Leverage the type system? Type systems exists to allow you catch errors at compile time. That is what it's there to do. It's like saying leveraging the compiler to compile or leveraging the cup to drink water.
The problem with named parameters is that you can theoretically still pass the wrong value, and in practice not everyone is using named parameters on every function call.
By relying on the type system you can catch that issue at compile time and not have to worry about it.
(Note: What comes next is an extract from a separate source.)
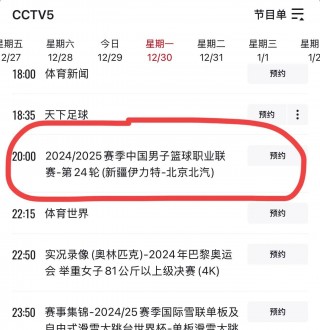 cctv5直播时间表(cctv5节目直播预告表)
We use this technique at work when there’s lots of fields in our data types as it’s nice to be able to keep track of the types during all the transformations and to avoid subtle bugs. Specially as the codebase is constantly changing.
My opinion is that type checking helps, and so do assertions, borrow checkers, pen testers, etc. The tradeoff IMHO is that these take some time and thought to do well.
Would you be willing to send me an example of your best-case for using a type system? For example some code where you feel the type system really helps you and your team?
I keep a log of these real world areas, for training my teams. Anonymized code is fine. My email is joel@joelparkerhenderson.com. Thank you!
Do you do this for every string, int, float etc..?
Any downsides you run into? I always thought it would be interesting to try it using a type even if it wraps something but never had tried going all in on the idea.
In scala do you not use alias ever? I guess they don't help much? Alias of strings can be used interchangeably I think?
I've found there are situations where primitives are fine and wrapping doesn't add much value, e.g., (using F#)
let calcCorrelation (symbol1:string) (symbol2:string) = ...
Here, calling the function with misordered arguments won't change the result, so the wrapping\unwrapping friction doesn't have much ROI.
but here, where 'beta' is the slope of a least-squares fitted line:
let calcBeta (stockSym:string) (indexSym:string) = ...
that's a mistake waiting to happen, because if you accidentally flip the arguments when you call the function you get a different number. Better to have:
type StockSymbol = StockSymbol of string
type IndexSymbol = IndexSymbol of string
let calcBeta (IndexSymbol index) (StockSymbol stock) = ...
then call the function like this:
let beta = calcBeta (IndexSymbol "SPX") (StockSymbol "AMZN")
Of course you could still make a mistake:
let beta = calcBeta (IndexSymbol "AMZN") (StockSymbol "SPX")
We don’t do it for every type, instead on a case by case basis. IDs are usually the obvious ones since we might have a Product class with fields like ProductId, BrandId, List[TagId], SellerId, etc... and it’d be nice to not mess that up.
Another example is if you have some pricing info you could group it in a case class like:
case class PriceInfo(price: BigDecimal, discount: BigDecimal, currency: Currency)
And then put that into your product class:
case class Product(id: ProductId, price: PriceInfo, ...)
The nice thing about this is that all these related fields can be dealt with in context, i.e. if a function accepts a PriceInfo then it now has access to the price itself and the currency. Not to mention that a price without currency in an e-commerce app can be quite ambiguous.